Why Donald Trump and Jussie Smollett were not 'exonerated,' according to legal experts
While the two cases are completely different, the criminal case involving actor Jussie Smollett and the summary of the Mueller report into Russian interference in the 2016 presidential election have raised questions about the definition of the term "exoneration."
Prosecutors announced Tuesday that they dropped all charges against the "Empire" actor despite alleging that Smollett fabricated a street attack on himself, Cook County First Assistant State Attorney Joe Magats said in an interview with ABC Chicago station WLS.
Smollett said after the hearing on Tuesday that he has been "truthful and consistent" throughout the ordeal.
Between the actor’s claim and the dropped charges, Magats addressed the confusion, making it clear during the interview with WLS that "this was not an exoneration."
This new informal use of the word 'exonerated' actually means something different. From a lay person's standpoint, in their minds, they've been cleared, but there's no evidence that they're innocent
Meanwhile, President Donald Trump said Attorney General Bill Barr's summary of Robert Mueller's report, which was released this weekend, was a "complete and total exoneration" of himself, despite that Mueller wrote his report "does not exonerate [Trump]."

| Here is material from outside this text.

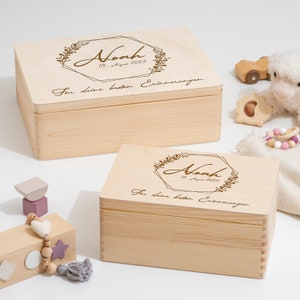 Erinnerungskiste Baby als Geschenk zur Geburt oder Taufe Gravierte Personalisierte Erinnerungsbox aus Holz Hexagon Blumenkranz mit Name zdjęcie 4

"The traditional sense of exonerations was that one had gone through the full criminal justice process, had been convicted, and then evidence was found later to say it was a baseless charge and the person who had been convicted and incarcerated was then set free," Gloria Browne-Marshall, a professor of constitutional law at John Jay College, told ABC News.
In both the Smollett and Trump situations, Browne-Marshall said, the term is being used in a more colloquial way.
"This new informal use of the word 'exonerated' actually means something different. From a lay person's standpoint, in their minds, they've been cleared," Browne-Marshall said. But, she added, there is no ironclad proof of innocence either.
Most news stories that involve exonerations typically refer to cases where a criminal decision is overturned, where -- after, in some cases, decades -- new evidence proves that a person who was found guilty and jailed was actually innocent and, therefore, is being exonerated of the charges against them.
Michael Semanchik, managing attorney at the California Innocence Project, is familiar with such cases, having reviewed hundreds of wrongful conviction claims.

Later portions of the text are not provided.